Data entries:
■ ■ ■

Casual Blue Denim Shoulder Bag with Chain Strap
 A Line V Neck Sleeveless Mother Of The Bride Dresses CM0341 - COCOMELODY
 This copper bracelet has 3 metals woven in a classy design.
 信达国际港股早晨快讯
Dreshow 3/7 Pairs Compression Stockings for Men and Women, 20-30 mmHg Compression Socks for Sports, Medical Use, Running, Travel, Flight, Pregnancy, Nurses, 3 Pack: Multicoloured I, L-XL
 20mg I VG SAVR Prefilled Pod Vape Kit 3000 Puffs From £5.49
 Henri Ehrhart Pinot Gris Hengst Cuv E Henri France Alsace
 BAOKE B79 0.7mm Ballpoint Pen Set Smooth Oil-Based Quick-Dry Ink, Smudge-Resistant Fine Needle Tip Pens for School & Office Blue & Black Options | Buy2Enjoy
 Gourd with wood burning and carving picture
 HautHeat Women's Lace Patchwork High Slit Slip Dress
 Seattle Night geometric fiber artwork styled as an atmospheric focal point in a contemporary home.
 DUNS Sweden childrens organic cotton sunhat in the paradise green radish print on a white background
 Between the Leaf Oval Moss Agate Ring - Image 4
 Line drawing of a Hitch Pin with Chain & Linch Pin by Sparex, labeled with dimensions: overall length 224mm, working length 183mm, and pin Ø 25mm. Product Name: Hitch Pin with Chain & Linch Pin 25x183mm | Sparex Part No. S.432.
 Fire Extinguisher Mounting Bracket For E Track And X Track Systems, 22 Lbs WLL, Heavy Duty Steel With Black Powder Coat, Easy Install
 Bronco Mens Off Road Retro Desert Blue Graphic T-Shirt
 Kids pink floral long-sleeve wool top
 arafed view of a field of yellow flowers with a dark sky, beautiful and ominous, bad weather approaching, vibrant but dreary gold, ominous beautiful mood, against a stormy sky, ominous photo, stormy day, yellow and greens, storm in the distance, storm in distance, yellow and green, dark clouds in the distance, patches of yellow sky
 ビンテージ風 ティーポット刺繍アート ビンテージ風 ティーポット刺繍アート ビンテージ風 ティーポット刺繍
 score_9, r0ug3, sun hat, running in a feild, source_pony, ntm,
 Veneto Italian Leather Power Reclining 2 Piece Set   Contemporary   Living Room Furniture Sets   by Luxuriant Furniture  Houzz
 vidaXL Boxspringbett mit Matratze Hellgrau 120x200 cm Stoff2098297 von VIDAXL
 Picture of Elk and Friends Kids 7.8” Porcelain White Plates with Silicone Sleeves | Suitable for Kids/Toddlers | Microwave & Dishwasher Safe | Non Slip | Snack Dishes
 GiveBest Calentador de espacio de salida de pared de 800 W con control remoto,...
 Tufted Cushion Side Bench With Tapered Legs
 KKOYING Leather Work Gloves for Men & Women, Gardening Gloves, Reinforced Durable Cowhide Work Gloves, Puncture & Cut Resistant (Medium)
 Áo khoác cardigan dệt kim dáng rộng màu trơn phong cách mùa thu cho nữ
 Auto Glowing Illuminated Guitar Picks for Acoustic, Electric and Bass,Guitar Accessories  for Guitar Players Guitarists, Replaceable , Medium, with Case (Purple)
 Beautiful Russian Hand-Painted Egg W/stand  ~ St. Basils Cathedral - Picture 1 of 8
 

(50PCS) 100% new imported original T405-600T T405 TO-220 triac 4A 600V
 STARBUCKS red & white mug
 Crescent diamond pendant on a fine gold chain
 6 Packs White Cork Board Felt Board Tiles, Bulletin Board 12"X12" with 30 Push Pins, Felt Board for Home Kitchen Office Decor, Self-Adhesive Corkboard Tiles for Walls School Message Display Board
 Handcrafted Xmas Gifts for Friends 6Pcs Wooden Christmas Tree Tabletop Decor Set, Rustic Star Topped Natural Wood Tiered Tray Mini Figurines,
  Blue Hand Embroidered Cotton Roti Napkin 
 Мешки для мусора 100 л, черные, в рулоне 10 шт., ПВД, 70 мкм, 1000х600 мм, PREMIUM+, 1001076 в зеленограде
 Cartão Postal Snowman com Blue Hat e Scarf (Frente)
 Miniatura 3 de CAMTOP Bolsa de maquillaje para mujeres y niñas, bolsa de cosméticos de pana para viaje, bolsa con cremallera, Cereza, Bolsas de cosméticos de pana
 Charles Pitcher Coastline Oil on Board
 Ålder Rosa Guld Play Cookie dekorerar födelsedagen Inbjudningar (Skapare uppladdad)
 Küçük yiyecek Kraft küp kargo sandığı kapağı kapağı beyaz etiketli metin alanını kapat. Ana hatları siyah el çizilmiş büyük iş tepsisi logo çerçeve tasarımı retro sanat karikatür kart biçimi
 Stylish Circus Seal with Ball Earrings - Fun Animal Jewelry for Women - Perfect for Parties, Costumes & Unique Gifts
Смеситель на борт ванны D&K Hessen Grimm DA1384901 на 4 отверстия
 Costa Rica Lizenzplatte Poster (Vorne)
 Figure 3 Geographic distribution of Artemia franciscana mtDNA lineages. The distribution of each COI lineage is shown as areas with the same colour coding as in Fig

■ ■ ■

Task brief: An exact repetition of all the records above is required.

Finished exercise:
Casual Blue Denim Shoulder Bag with Chain Strap
 A Line V Neck Sleeveless Mother Of The Bride Dresses CM0341 - COCOMELODY
 This copper bracelet has 3 metals woven in a classy design.
 信达国际港股早晨快讯
Dreshow 3/7 Pairs Compression Stockings for Men and Women, 20-30 mmHg Compression Socks for Sports, Medical Use, Running, Travel, Flight, Pregnancy, Nurses, 3 Pack: Multicoloured I, L-XL
 20mg I VG SAVR Prefilled Pod Vape Kit 3000 Puffs From £5.49
 Henri Ehrhart Pinot Gris Hengst Cuv E Henri France Alsace
 BAOKE B79 0.7mm Ballpoint Pen Set Smooth Oil-Based Quick-Dry Ink, Smudge-Resistant Fine Needle Tip Pens for School & Office Blue & Black Options | Buy2Enjoy
 Gourd with wood burning and carving picture
 HautHeat Women's Lace Patchwork High Slit Slip Dress
 Seattle Night geometric fiber artwork styled as an atmospheric focal point in a contemporary home.
 DUNS Sweden childrens organic cotton sunhat in the paradise green radish print on a white background
 Between the Leaf Oval Moss Agate Ring - Image 4
 Line drawing of a Hitch Pin with Chain & Linch Pin by Sparex, labeled with dimensions: overall length 224mm, working length 183mm, and pin Ø 25mm. Product Name: Hitch Pin with Chain & Linch Pin 25x183mm | Sparex Part No. S.432.
 Fire Extinguisher Mounting Bracket For E Track And X Track Systems, 22 Lbs WLL, Heavy Duty Steel With Black Powder Coat, Easy Install
 Bronco Mens Off Road Retro Desert Blue Graphic T-Shirt
 Kids pink floral long-sleeve wool top
 arafed view of a field of yellow flowers with a dark sky, beautiful and ominous, bad weather approaching, vibrant but dreary gold, ominous beautiful mood, against a stormy sky, ominous photo, stormy day, yellow and greens, storm in the distance, storm in distance, yellow and green, dark clouds in the distance, patches of yellow sky
 ビンテージ風 ティーポット刺繍アート ビンテージ風 ティーポット刺繍アート ビンテージ風 ティーポット刺繍
 score_9, r0ug3, sun hat, running in a feild, source_pony, ntm,
 Veneto Italian Leather Power Reclining 2 Piece Set   Contemporary   Living Room Furniture Sets   by Luxuriant Furniture  Houzz
 vidaXL Boxspringbett mit Matratze Hellgrau 120x200 cm Stoff2098297 von VIDAXL
 Picture of Elk and Friends Kids 7.8” Porcelain White Plates with Silicone Sleeves | Suitable for Kids/Toddlers | Microwave & Dishwasher Safe | Non Slip | Snack Dishes
 GiveBest Calentador de espacio de salida de pared de 800 W con control remoto,...
 Tufted Cushion Side Bench With Tapered Legs
 KKOYING Leather Work Gloves for Men & Women, Gardening Gloves, Reinforced Durable Cowhide Work Gloves, Puncture & Cut Resistant (Medium)
 Áo khoác cardigan dệt kim dáng rộng màu trơn phong cách mùa thu cho nữ
 Auto Glowing Illuminated Guitar Picks for Acoustic, Electric and Bass,Guitar Accessories  for Guitar Players Guitarists, Replaceable , Medium, with Case (Purple)
 Beautiful Russian Hand-Painted Egg W/stand  ~ St. Basils Cathedral - Picture 1 of 8
 

(50PCS) 100% new imported original T405-600T T405 TO-220 triac 4A 600V
 STARBUCKS red & white mug
 Crescent diamond pendant on a fine gold chain
 6 Packs White Cork Board Felt Board Tiles, Bulletin Board 12"X12" with 30 Push Pins, Felt Board for Home Kitchen Office Decor, Self-Adhesive Corkboard Tiles for Walls School Message Display Board
 Handcrafted Xmas Gifts for Friends 6Pcs Wooden Christmas Tree Tabletop Decor Set, Rustic Star Topped Natural Wood Tiered Tray Mini Figurines,
  Blue Hand Embroidered Cotton Roti Napkin 
 Мешки для мусора 100 л, черные, в рулоне 10 шт., ПВД, 70 мкм, 1000х600 мм, PREMIUM+, 1001076 в зеленограде
 Cartão Postal Snowman com Blue Hat e Scarf (Frente)
 Miniatura 3 de CAMTOP Bolsa de maquillaje para mujeres y niñas, bolsa de cosméticos de pana para viaje, bolsa con cremallera, Cereza, Bolsas de cosméticos de pana
 Charles Pitcher Coastline Oil on Board
 Ålder Rosa Guld Play Cookie dekorerar födelsedagen Inbjudningar (Skapare uppladdad)
 Küçük yiyecek Kraft küp kargo sandığı kapağı kapağı beyaz etiketli metin alanını kapat. Ana hatları siyah el çizilmiş büyük iş tepsisi logo çerçeve tasarımı retro sanat karikatür kart biçimi
 Stylish Circus Seal with Ball Earrings - Fun Animal Jewelry for Women - Perfect for Parties, Costumes & Unique Gifts
Смеситель на борт ванны D&K Hessen Grimm DA1384901 на 4 отверстия
 Costa Rica Lizenzplatte Poster (Vorne)
 Figure 3 Geographic distribution of Artemia franciscana mtDNA lineages. The distribution of each COI lineage is shown as areas with the same colour coding as in Fig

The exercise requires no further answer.